Higher Inventories Might Support Natural Gas’s Rise

Natural gas inventory data

In the week ending May 11, natural gas inventories rose by 106 Bcf (billion cubic feet) to 1,538 Bcf—based on the EIA’s (U.S. Energy Information Administration) data announced on May 17. The rise was 2 Bcf more than the consensus estimate compiled by S&P Global Platts. On May 17, natural gas June futures rose 1.6%.

Higher Inventories Might Support Natural Gas’s Rise

Inventories spread and natural gas prices

In the week ending May 11, the negative difference between natural gas inventories and their five-year average contracted by 2 percentage points compared to the previous week. The difference is called the “inventories spread.” For the week ending May 11, the inventories spread was at -24.6%.

In the week ending May 4, the inventories spread was at -26.6%. Natural gas prices are usually inversely related to the inventories spread. The above graph illustrates this relationship.

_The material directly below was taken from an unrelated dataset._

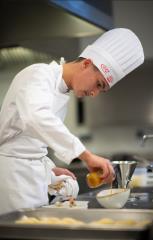 Apprenti BAC PRO Cuisine du CFA CCI Le Mans en action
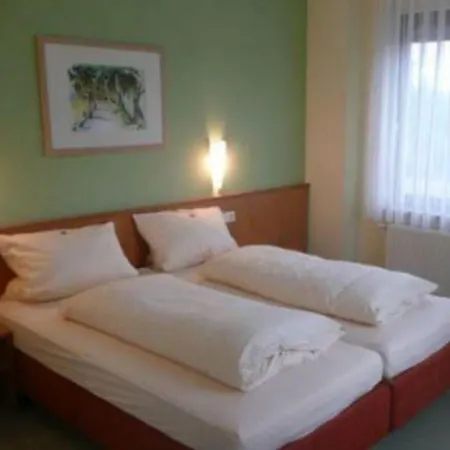 Hotel Landgasthaus Zum Kreuz Unterschneidheim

On May 17–22, natural gas June futures rose 1.7%. On May 17, the EIA released the natural gas inventory report for the week ending May 11. The increased cooling demand might be behind natural gas’s rise during this period.

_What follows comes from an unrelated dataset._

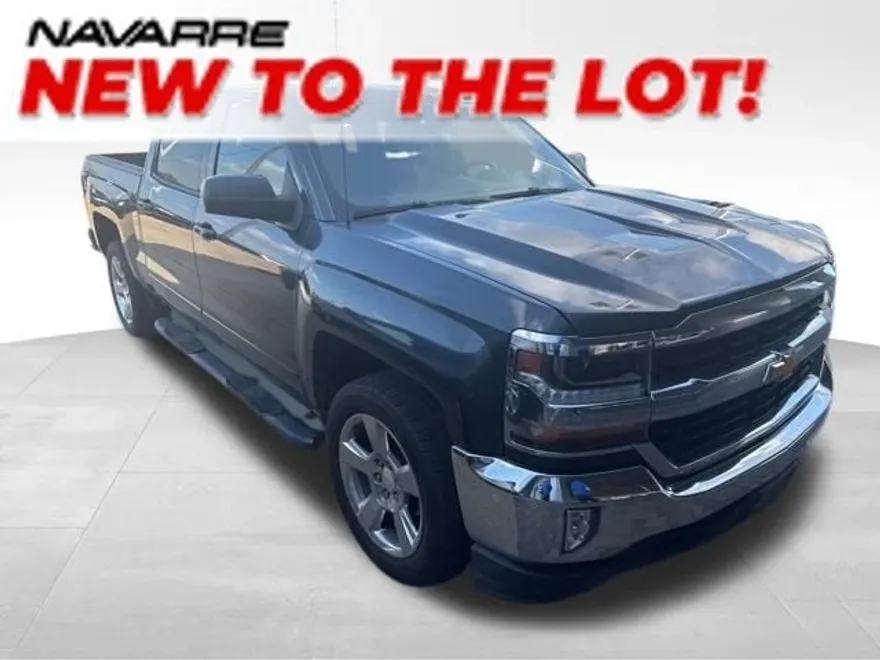 2018 Chevrolet Silverado 1500 LT photo 1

Since May 17, Chesapeake Energy (CHK), Southwestern Energy (SWN), and Range Resources’ (RRC) returns were 5.8%, 0.2%, and -1.4%, respectively—the outperformers on our list of natural gas–weighted stocks.

On May 17–22, the Fidelity MSCI Energy Index ETF (FENY) and the iShares Global Energy ETF (IXC) fell 1.1% and 0.8%, respectively. These ETFs hold natural gas producer stocks.

Higher inventory levels

On May 24, the EIA is scheduled to release the natural gas inventory report for the week ending May 18. Any rise below 67 Bcf would push the inventories spread further into the negative territory—a bullish factor for natural gas prices.